REQUIRED ACTION: The listing below must be repeated word for word, with its images excluded.

DATA SECTION:
-- Opening Marker --

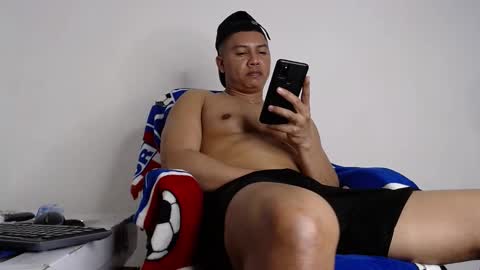 Snapshot of calvinhotlatino chatting on December 22, 2024, 10:25 pm calvinhotlatino online show from December 22, 2024, 10:25 pm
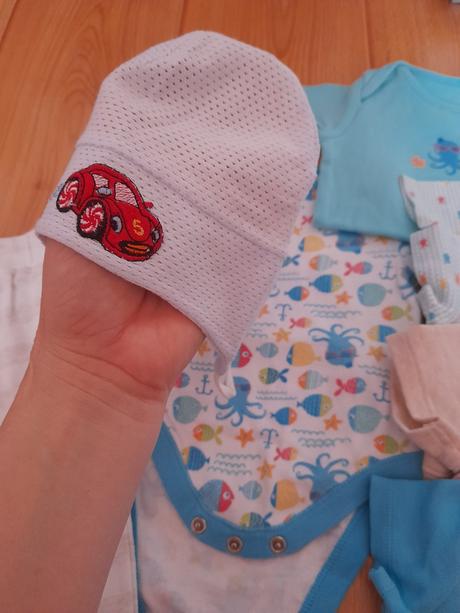 Body s kratkym rukavom, f&f,68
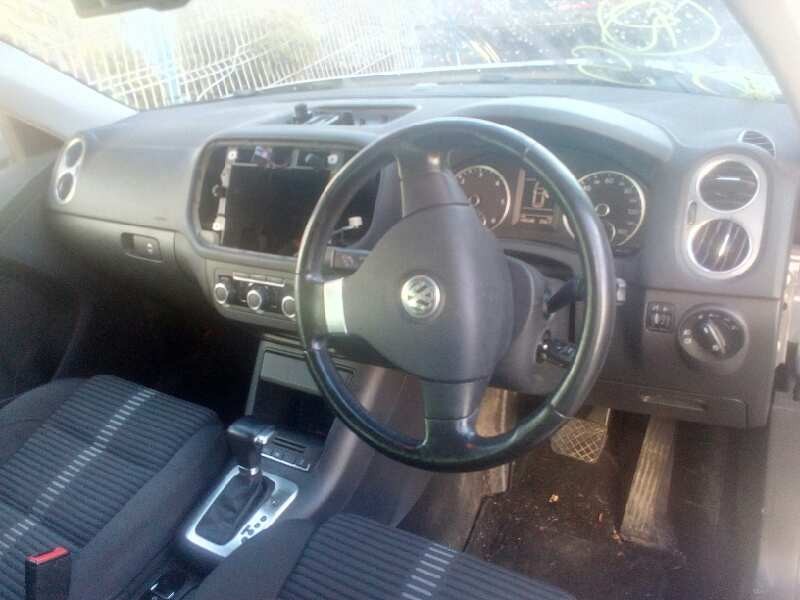 volkswagen tiguan (5n1) del año 2010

-- Closing Marker --

ANSWER FOR THIS EXERCISE:
 Snapshot of calvinhotlatino chatting on December 22, 2024, 10:25 pm calvinhotlatino online show from December 22, 2024, 10:25 pm
 Body s kratkym rukavom, f&f,68
 volkswagen tiguan (5n1) del año 2010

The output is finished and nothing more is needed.